I beg amnesia! High numbers bring stress.
Gravity pulls at my bits (blame the moon!).
Simple digits torture, plague and obsess.
Rivers of time stop their slow, lazy snake.
Questions of youth sag trivial and moot.
I blow all the flames; wish and stab the cake.
As birthday cakes go, this one is a beaut.
Silence cloaks me, let me hide like Garbo.
Tears in a crowd, is a part I can't play.
I drift the present scene like a hobo.
Acting the role on my happy, birthday.
My diamond wishes bring but a rhinestone.
Sweet perfume? No, understudy cologne.
(BTW my birthday is in November.)
Posted: Sun Mar 13, 2005 7:23 am
by linda_lakeside
November? Oh! Thank Gawd! I thought I was going to start a hobby as a Hallmark Birthday Card writer. You know I know nothing about the structure and discipline or non-discipline, rules, etc. about poetry. But you know what? I really, really, liked your poem.

. Honest, I can't tell you why, I just know I liked it. I like much good stuff, you know? It's instinctual.
Later,
Linda.
Posted: Sun Mar 13, 2005 8:15 am
by LaurieAK
Thanks Linda~ appreciate your comments and instinct.
ciao for now,
L
p.s. where do i send the check?
Posted: Sun Mar 20, 2005 11:48 pm
by Gideon
Yes, I agree with Linda, despite what you said about my submissions.
Good effort. If I have time I might try.
Posted: Sun Mar 20, 2005 11:55 pm
by LaurieAK
Thanks Gideon~
I do hope you give it a try.
And thank you for not stooping to mis-placed revenge because of my comments on your poem.
I stick by its cleverness....and you know the rest....
regards,
Laurie
Posted: Mon Mar 21, 2005 3:00 am
by Sandra
Very feminine poem Laurie....! I like it.
Posted: Mon Mar 21, 2005 4:44 pm
by lizzytysh
I love this poem, Laurie....and, of course, can relate. You broach the subject of aging with humour, realism, and a unique slant that I appreciate very much. I also like your puns and how at least one rhyming word seems to stand for another.
~ Lizzy
Gideon ~ I hadn't yet read your entry here, when I read your entry on your own, poem thread, and responded there. I second what Laurie has said regarding your objectivity and fairness, despite her disagreements on your own poem.

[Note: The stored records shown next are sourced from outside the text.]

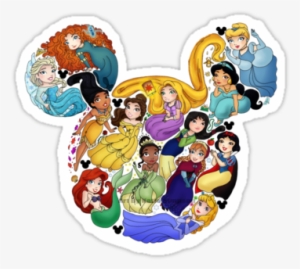 "princess Mickey Ears" Stickers By Redhead-k - Disney Princesse Dans Mickey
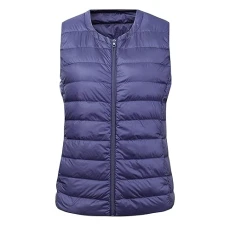 Jackets for Women UK Winter Light Down Zipper Jacket Tops with Lnternal Pocket Large Size Slim Fit Sleeveless Short Portable Waistcoat Comfortable Warm Sport Coat Outdoor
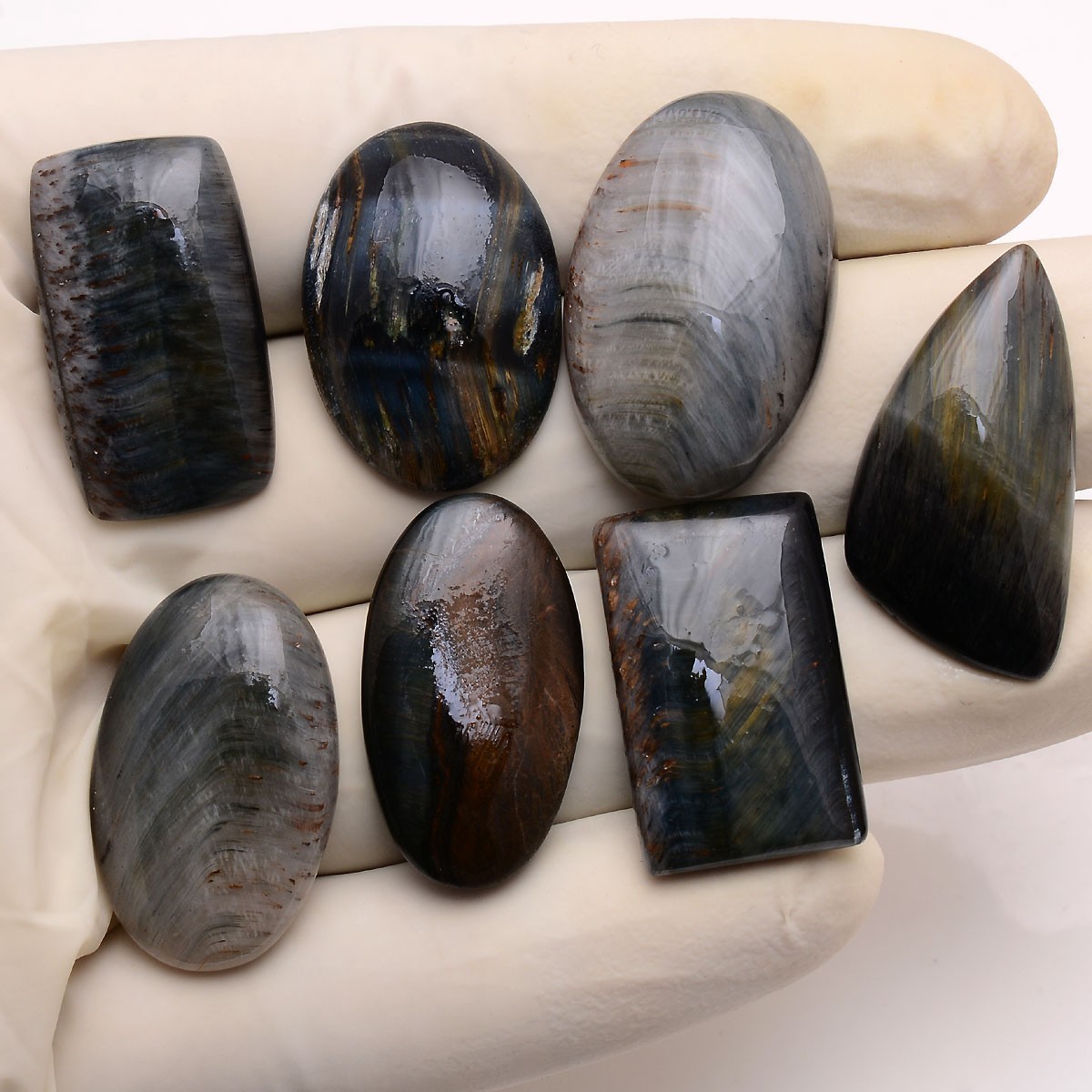7 Pcs Natural Tiger Eye Untreated 25mm-29mm Cabochon Huge Loose Gemstones Lot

By the way, never be surprized by anything that posting a poem here might generate. We have strong-minded folks aboard, who aren't going to stuff any feelings that might arise. It's great here that way.
Posted: Mon Mar 21, 2005 8:50 pm
by Gideon
Thanks Lizzy and Laurie; I do get over-sensitive. It's what comes of being an English, paranoid, manic-depressive! (Half joking)
All the best, G.
Posted: Tue Mar 22, 2005 2:39 am
by LaurieAK
Thanks Sandra & Lizzy~
Lizz, i'm glad you picked up on the puns. For me that is what really makes it work.
Of course if it wasn't for that list i came across (bouts-rimes) it wouldn't exist at all.